Safeguarding program integrity in Medicaid is something we are all for but we need to remember that PERM is not a measure of fraud. Moreover, errors estimated by PERM reflect whether states, managed care plans, and providers are in compliance with program rules (including maintaining documentation of compliance). They do not suggest that ineligible individuals are inappropriately enrolling in Medicaid and CHIP and are defrauding the government. Medicaid and CHIP provide health coverage – primarily to children – and not money. Medicaid and CHIP dollars flow to managed care plans and providers. (In fact, PERM does not count as an error when an eligible individual is inappropriately denied Medicaid.) So while the federal government has responsibility to ensure that federal funds are used appropriately, any references to overpayments should be directed at states, managed care plans, and providers.
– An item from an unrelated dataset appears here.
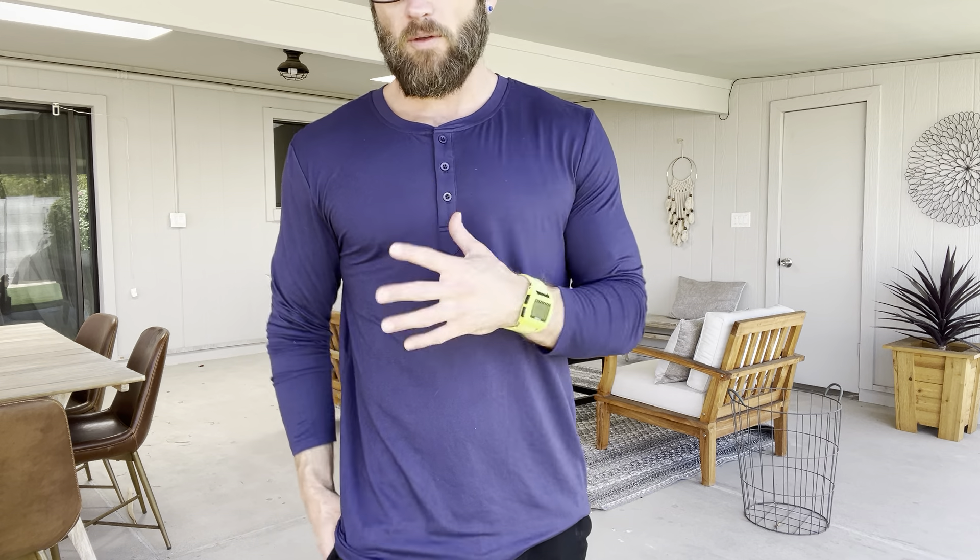Here's how I like my Henleys — soft and thin. This is soft and thin. You want to touch it, it's that soft. It's got a great length. I honestly just love this.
Unfortunately, some Medicaid critics are already falsely claiming that the PERM error rates show that Medicaid is enrolling ineligible people. Moreover, we saw in Administrator Verma’s remarks to the National Association of Medicaid Directors last week that this Administration plans to use the PERM estimates to blame beneficiaries and make it harder for eligible individuals to enroll. Her remarks and the new report describe upcoming guidance on Medicaid and CHIP eligibility that will undoubtedly add burdensome red tape under the guise of cracking down on fraud. All at a time when children are losing Medicaid and CHIP and the uninsured rate for children is going in the wrong direction.
Instead of twisting the PERM results to fit an erroneous narrative of rampant beneficiary fraud, we should acknowledge that mistakes will be made and act to reduce identified errors collaboratively. Further, we should prioritize efforts to ensure that 100% of eligible children, parents and adults are enrolled in Medicaid and getting the care they need to lead healthy, productive lives.